Orazio Arancio
- Born: 15 November 1967 (age 58) Catania
- Height: 6 ft 3 in (1.91 m)
- Weight: 228 lb (103 kg; 16.3 st)

Rugby union career
- Position: Flanker

International career
- Years: Team / Apps / (Points)
- 1993-1999: Italy / 34 / (10)

= Orazio Arancio =

Italy international rugby union player

Orazio "Bimbo" Arancio (born 15 November 1967 in Catania) is a former Italian rugby union player and a current coach and sports director. He played as a flanker.

==Career==
Arancio first played at Fiamma Catania, moving to Amatori Catania in 1986/87, where he would remain until 1995/96. He played for a season at Amatori Rugby Milano, in 1996/97, moving afterwards to the French side of RC Toulonnais, where he played in 1997/98. Returning to Italy, he played at Benetton Treviso for two seasons, from 1998/99 to 1999/2000, being Italian Champion in 1998/99. Arancio played two seasons at Rugby Bologna 1928 (2000/01-2001/02). He then returned to Amatori Catania, where he would play for four seasons, from 2002/03 to 2005/06. His final team would be San Gregorio Rugby, from 2006/07 to 2009/10, finishing his career aged 43 years old. He became player and head coach at the season of 2008/09. He was in charge of the team until 2011/12.
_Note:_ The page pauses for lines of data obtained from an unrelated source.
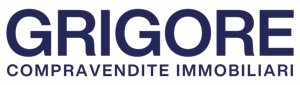 Agenzia Inmobiliare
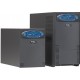 AROS Sentinel 6 1500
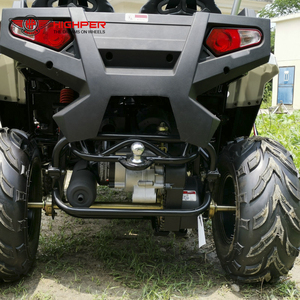 150cc 200cc 300cc <span class=keywords><strong>Buggy</strong></span> Xe Tiện Ích Side By Side UTV - Product Image 5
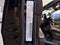 2019 Jeep Grand Cherokee Summit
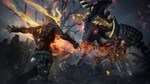  Nioh 2 – The Complete Edition  Steam Ключ Global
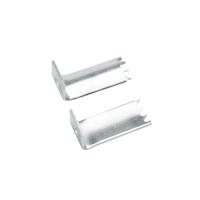 Reservezaagbladen voor verstelbare gatenzaag C.K T3230 C.K T3231 - thumbnail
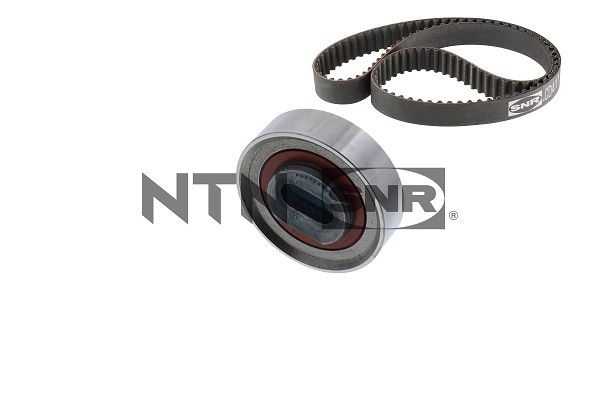 SNR Tandremssæt kd46100 for HONDA ROVER LAND ROVER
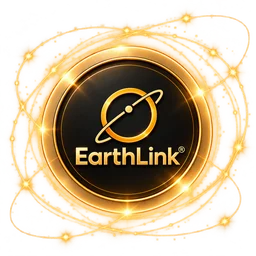 EarthLink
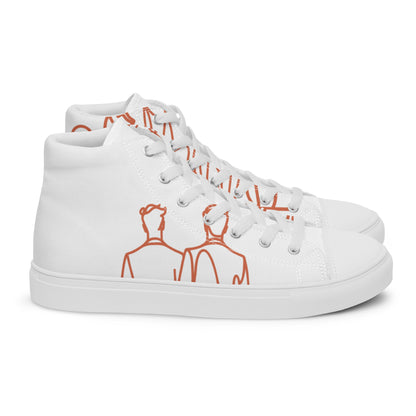 STREEKS JM&Oli Origine Femme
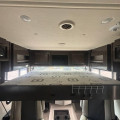 2020 Bounder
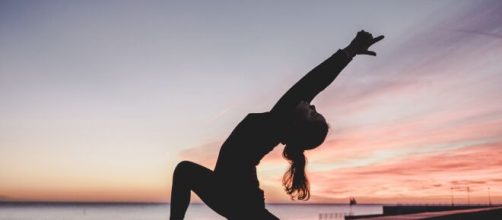 O equil&iacute;brio para 2021 &eacute; o objetivo principal do libriano. (Arquivo Blasting News)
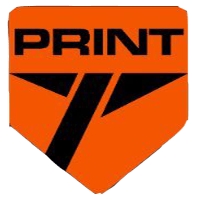 Print Mining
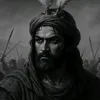 alihf_2009xu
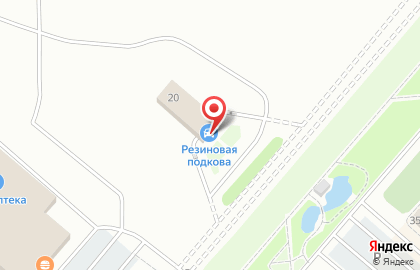 Служба аварийного вскрытия замков в Кировском районе на карте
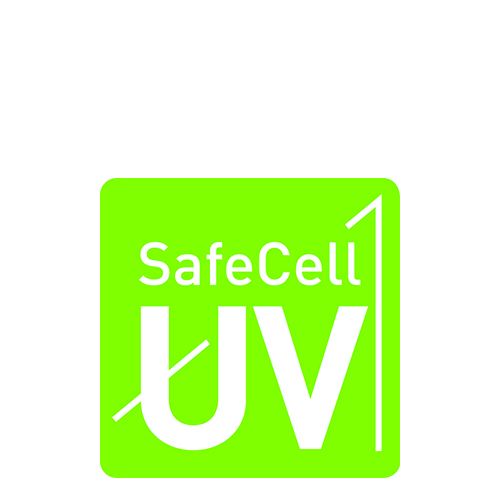 UV_SafeCell
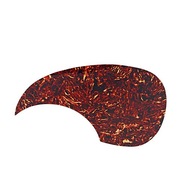 Pickguard do gitary akustycznej Gitara akustyczna 7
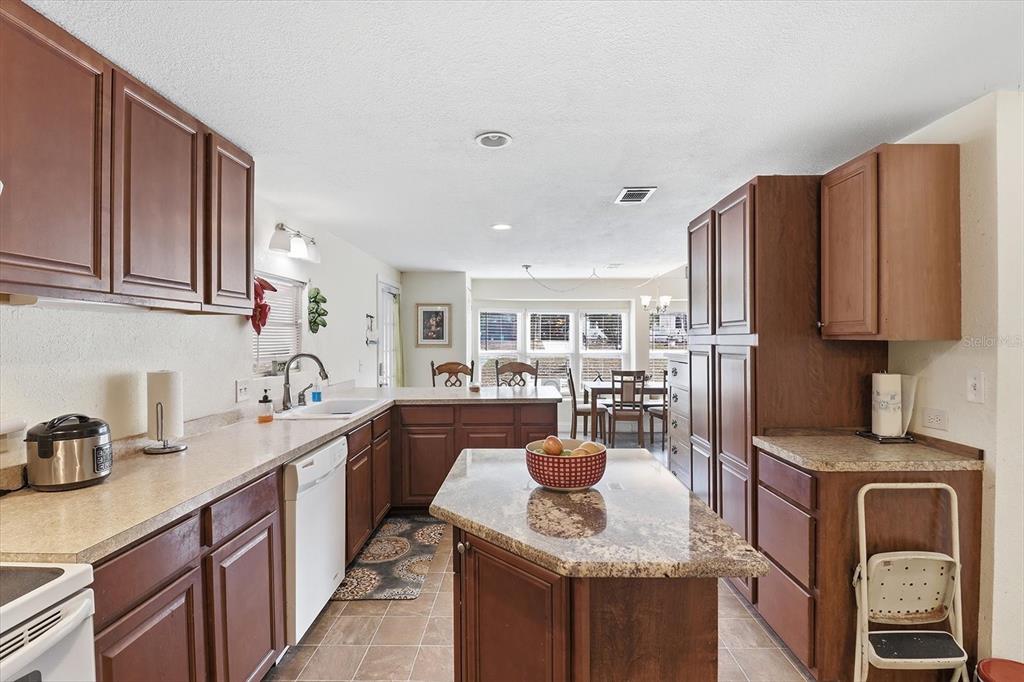 4686 South Brush Hollow Loop Inverness, FL 34450 - Photo 8 of 44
Arancio had 34 caps for Italy, from 1993 to 1999, scoring 2 tries, 10 points in aggregate. He was called for the 1995 Rugby World Cup, playing three games, and for the 1999 Rugby World Cup, playing two games.

He was team manager of the Italy national rugby sevens team, federal counselor of the Italian Rugby Federation and member of the federal counsel of the Italian National Olympic Committee. He was awarded the Golden Star of the INOC in 2006.